By the way, gasoline is very expensive in Latin America, and it is sold by the liter, which can trick you into thinking it is cheaper than it really is. As I write it runs around three dollars per liter. Costa Rica is especially high-priced, because apparently they want people to buy less gas even though they don't have sufficient controls in place over emissions (in my opinion).
Yesterday it was another city in the cloud forest, which is called Laguna. Up there above the clouds is a restaurant that is known for roast chicken. I found the chicken delicious, cooked perfectly. I expected that, though, because the standards of Costa Rica for good food are considerably higher than what we Americans consent to spend our hard-earned money on, either in markets or at restaurants. The only thing was, I would have seasoned the chicken more, or served it with a collection of house sauces such as barbecue, butter-garlic, etc.
I had no food revelation in Laguna, then, other than my observation that you ought to get used to hearing people say, "pixa," and "Pexi," in place of our English words pizza and the soft drink Pepsi-Cola. In Tucson I have heard this Latino-ism from time to time as well.

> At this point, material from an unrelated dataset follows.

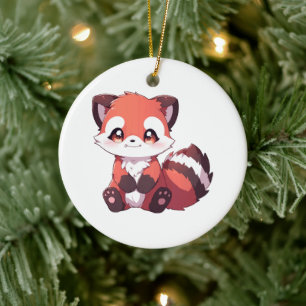  söt röd panda julgransprydnad keramik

To make this Brazilian shrimp, you begin with chopped onions, garlic and bell peppers in olive oil (the only oil my husband cooks with). I would use red or yellow peppers because sometimes I don't like the appearance of green peppers, as in spaghetti sauce or other tomato preparations. Pour the coconut milk, whatever quantity you have in relation to the amount of shrimp, and then bring it to the correct appearance with tomato paste. This involves calculating how you want it to taste, and I don't see why you would not taste it for salt and pepper, as well as tomato concentration.
When the sauce feels right--my husband is the judge of this--you add your uncooked shrimp, either peeled or unpeeled. This is the crucial point in making this dish, because you want to cook the shrimp but not overcook them into hard little contracted muscles.

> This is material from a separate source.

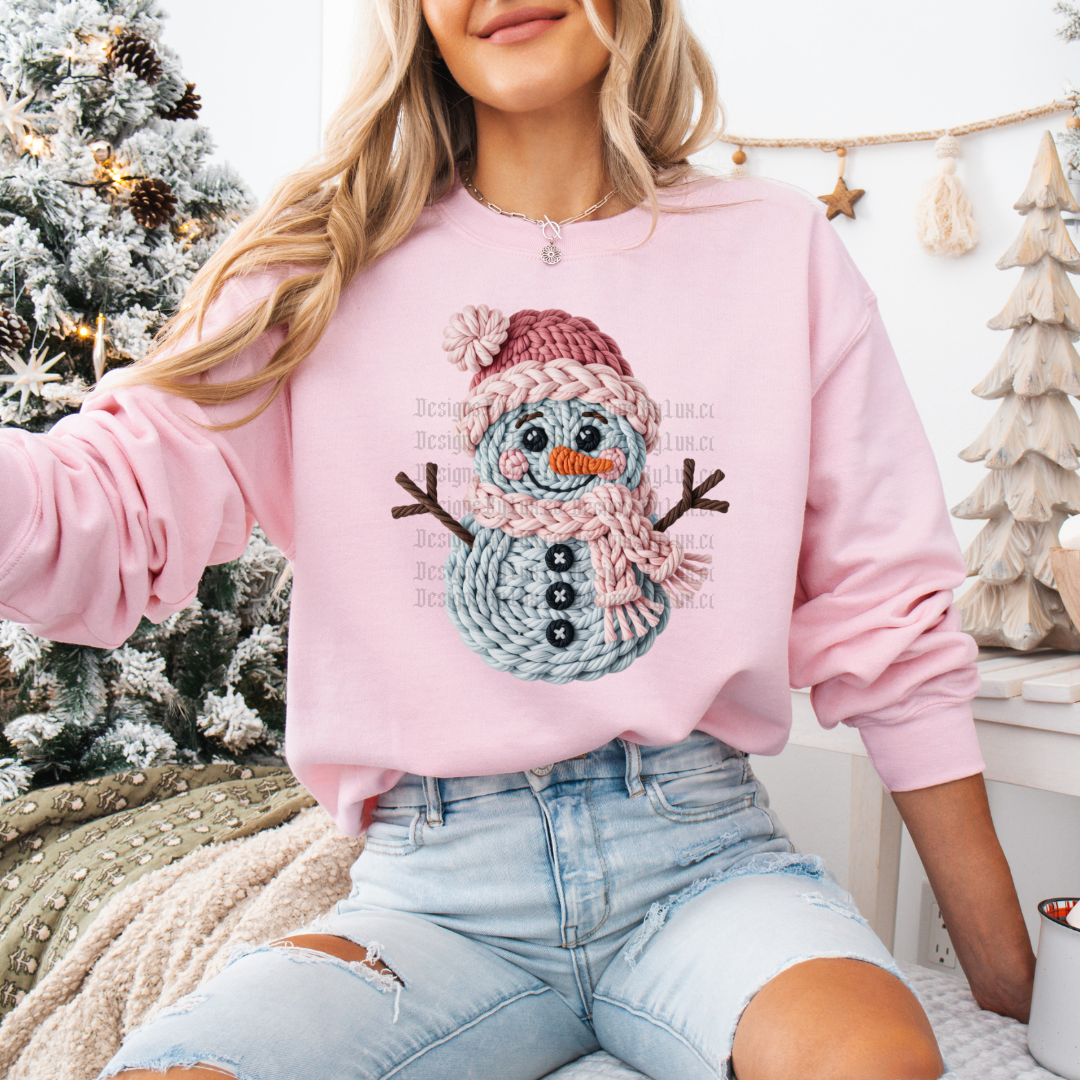 Faux Crochet Snowman DTF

This dish is served over rice. My husband will be cooking the rice as he does the rest of the shrimp dish; I am not needed, which is why I am writing at our hosts' dining table while he does all the work. Later I hope to make them a beautiful Famous Chocolate Cake, whenever I can get the ingredients (the unsweetened chocolate is, so far, a shopping challenge that I have not yet overcome). I sure wish I knew where stuff is in Puntarenas, like I do in Tucson. If I were there I would know to head straight to Sprouts for their fine-quality baking chocolate.
On the subject of olive oil, by now I have learned to keep different kinds of it in my kitchen. There is the green, fruity extra-virgin olive oil from various places like Spain, Greece or Italy--that is for anything that is not cooked. Regular olive oil (of a good quality) serves for everything my husband cooks. He does not use butter in cooking, as I do.
I don't use olive oil in salad dressing, though, because it congeals in the refrigerator. For that I use safflower oil, canola oil and walnut oil. I sometimes mix the proportions. And on the subject of salad dressing, my Bernice's French Dressing has been a great success here; I need to make up a third recipe to keep at the hotel where our manager and his family love it. His wife got the recipe and plans to have it available at her house.
Perhaps I have a marketing option here--make it up and bottle it!